Beginning at the line that contains "Toyota Yaris Design", write out each remaining line of the entries below exactly as it stands.

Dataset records
══════════════════════════════
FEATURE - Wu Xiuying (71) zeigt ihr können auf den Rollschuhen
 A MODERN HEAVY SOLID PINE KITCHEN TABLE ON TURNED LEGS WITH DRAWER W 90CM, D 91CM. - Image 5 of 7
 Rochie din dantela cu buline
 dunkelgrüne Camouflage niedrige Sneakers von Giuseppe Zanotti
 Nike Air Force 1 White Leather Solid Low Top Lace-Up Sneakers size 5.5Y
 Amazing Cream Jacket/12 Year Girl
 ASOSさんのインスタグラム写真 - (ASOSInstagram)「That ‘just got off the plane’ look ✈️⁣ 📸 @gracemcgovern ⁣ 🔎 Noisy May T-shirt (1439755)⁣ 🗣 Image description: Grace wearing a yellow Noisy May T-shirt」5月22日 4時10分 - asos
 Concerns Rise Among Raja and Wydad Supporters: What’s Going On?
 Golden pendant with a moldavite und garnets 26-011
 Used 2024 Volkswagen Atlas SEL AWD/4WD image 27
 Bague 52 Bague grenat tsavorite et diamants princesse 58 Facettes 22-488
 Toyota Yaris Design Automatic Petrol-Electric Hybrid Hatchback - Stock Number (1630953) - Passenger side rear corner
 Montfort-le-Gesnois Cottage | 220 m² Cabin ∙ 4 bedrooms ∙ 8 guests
══════════════════════════════
» RESULT OF THIS EXERCISE:
 Toyota Yaris Design Automatic Petrol-Electric Hybrid Hatchback - Stock Number (1630953) - Passenger side rear corner
 Montfort-le-Gesnois Cottage | 220 m² Cabin ∙ 4 bedrooms ∙ 8 guests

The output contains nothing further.